↓↓↓

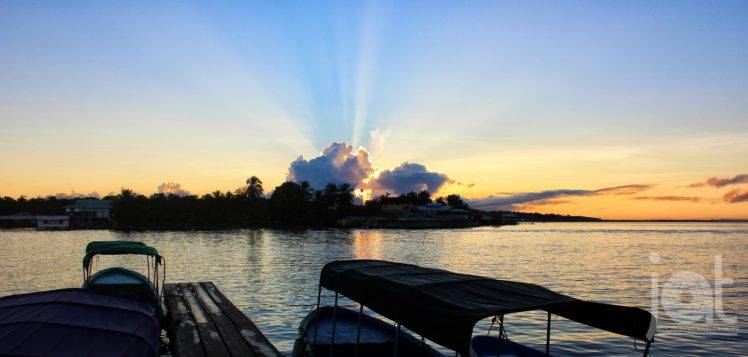 waking up, Morning, Sea, Panama, Isla Colon, Bocas Town, Bocas del Toro, Boat, Sunrise, Shadow,   landscape HD Wallpaper Desktop Background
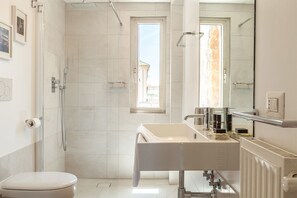 Ferienhaus, Mehrere Betten, Stadtblick (Trastevere Charming Penthouse) | Badezimmer | Kostenlose Toilettenartikel, Haartrockner, Bidet, Handtücher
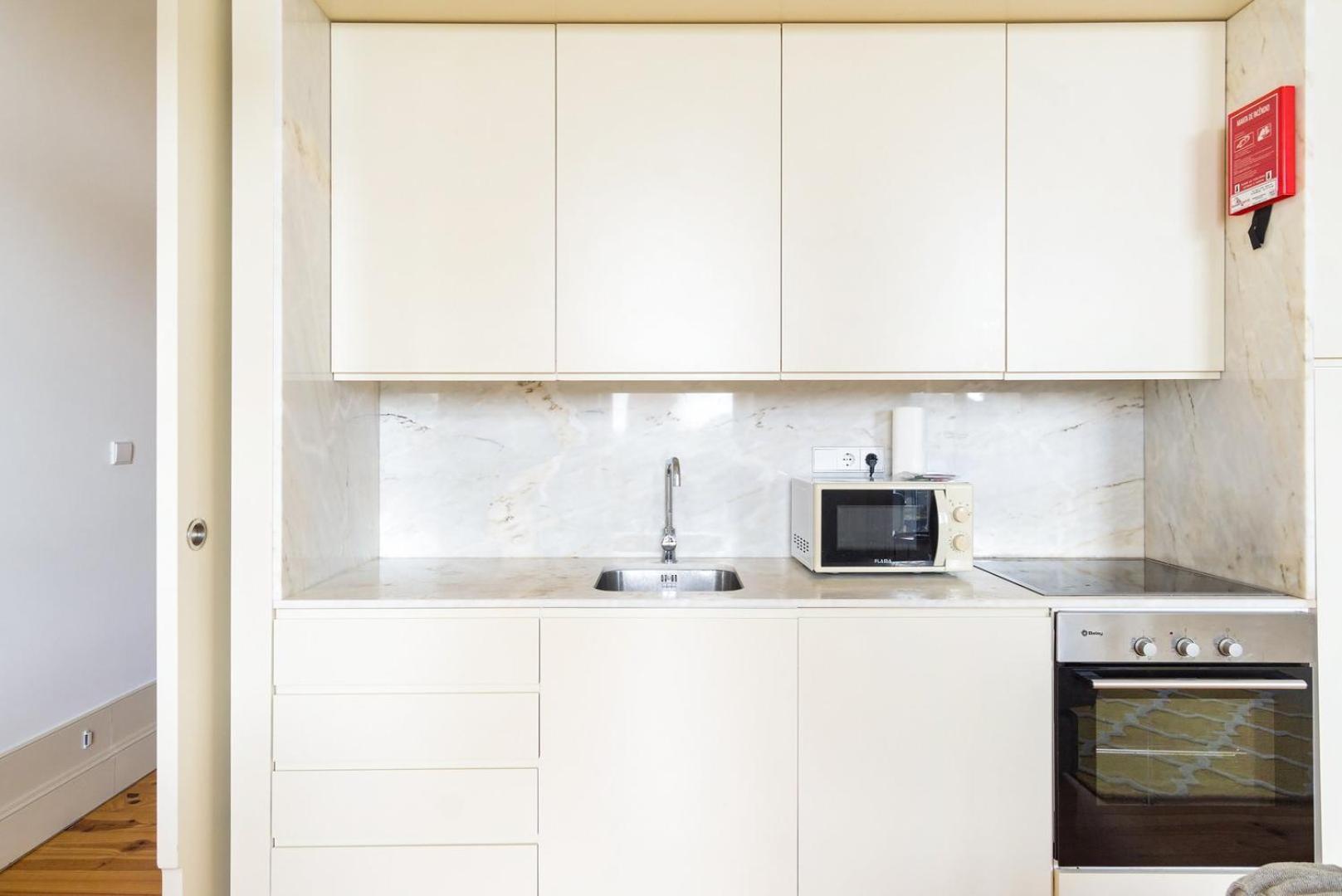 Guestready - Urban Oasis With Private Balcony Apartment *
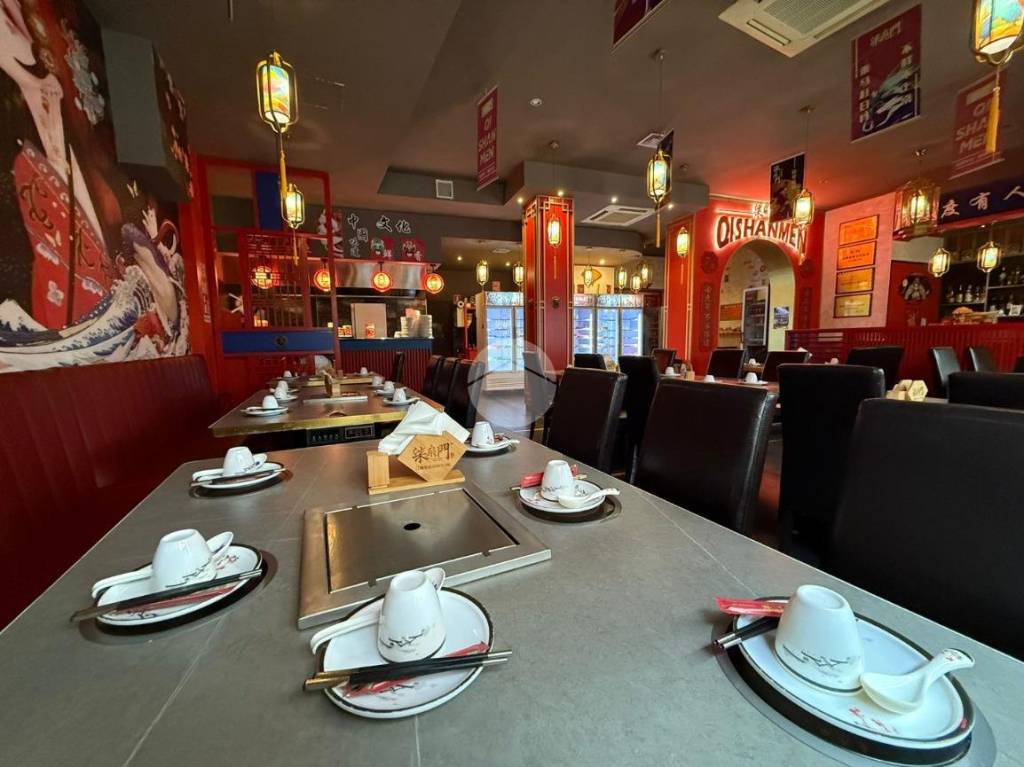 negozio in vendita a Bergamo in zona Bergamo Centro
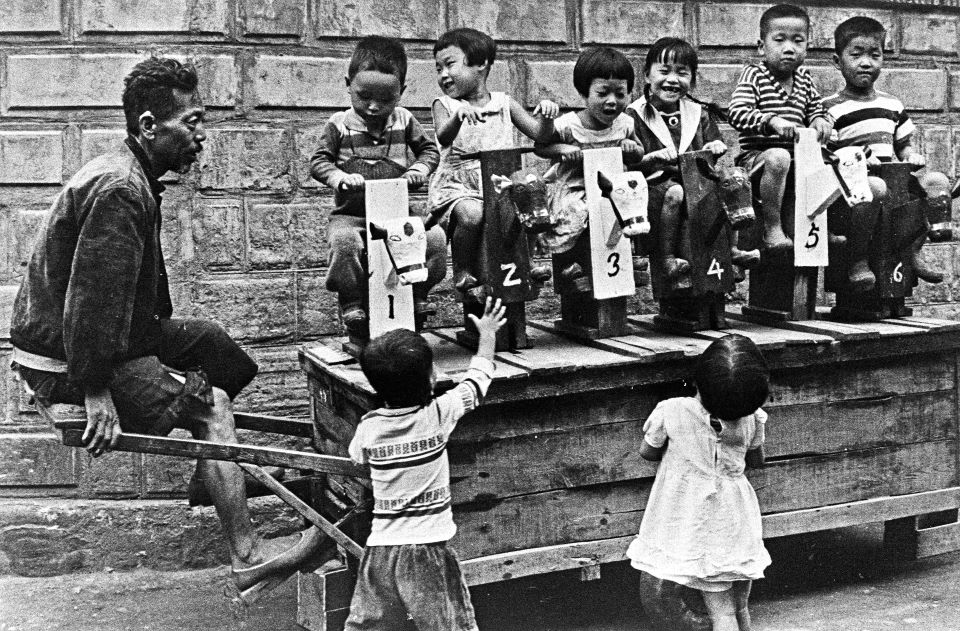시장의 목마, 공덕동, 1964, ⓒ정범태/사진=서울시 제공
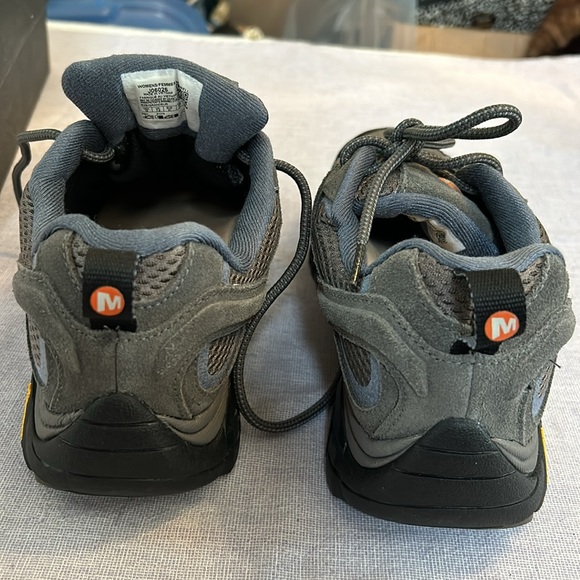 NWT Merrell shoes - Picture 6 of 9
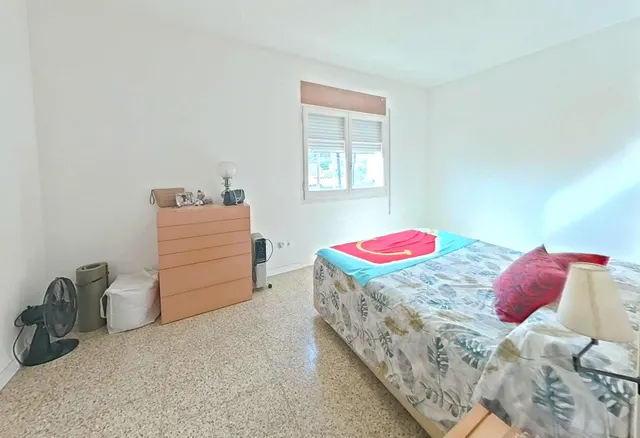 Casa con gran potencial y espacio independiente en albarrosa – Viladecans — 17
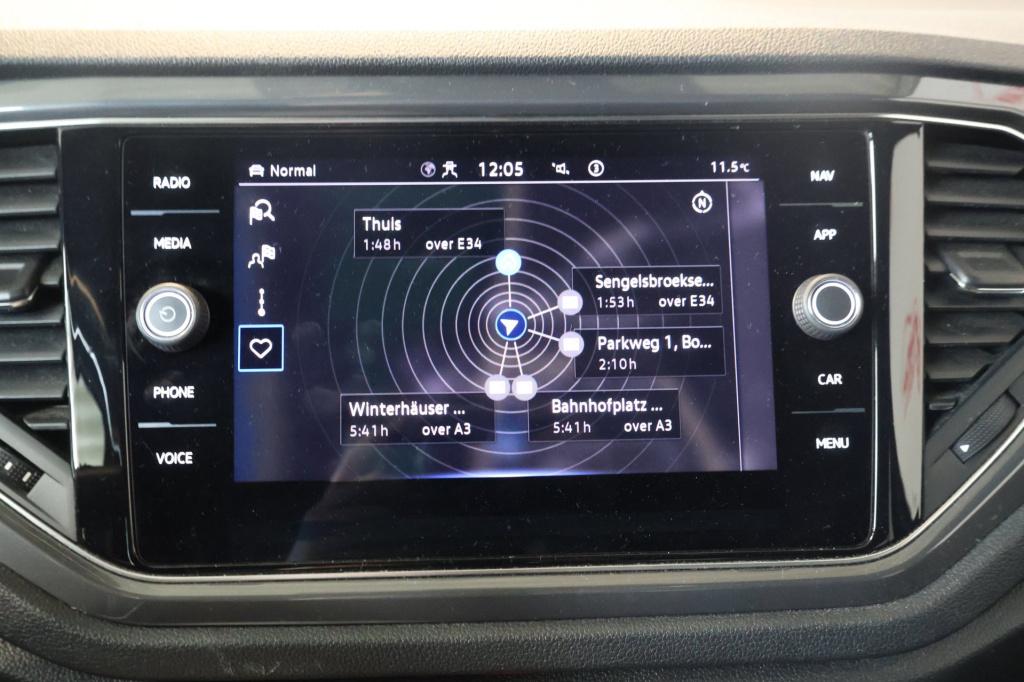 Volkswagen T-roc 1.5 tsi sport business r|stoelverwarming|trekhaak|parkeers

↑↑↑

About this task
The expected answer is the listing above, duplicated exactly, with its pictures removed.

Answer to this task
 waking up, Morning, Sea, Panama, Isla Colon, Bocas Town, Bocas del Toro, Boat, Sunrise, Shadow,   landscape HD Wallpaper Desktop Background
 Ferienhaus, Mehrere Betten, Stadtblick (Trastevere Charming Penthouse) | Badezimmer | Kostenlose Toilettenartikel, Haartrockner, Bidet, Handtücher
 Guestready - Urban Oasis With Private Balcony Apartment *
 negozio in vendita a Bergamo in zona Bergamo Centro
시장의 목마, 공덕동, 1964, ⓒ정범태/사진=서울시 제공
 NWT Merrell shoes - Picture 6 of 9
 Casa con gran potencial y espacio independiente en albarrosa – Viladecans — 17
 Volkswagen T-roc 1.5 tsi sport business r|stoelverwarming|trekhaak|parkeers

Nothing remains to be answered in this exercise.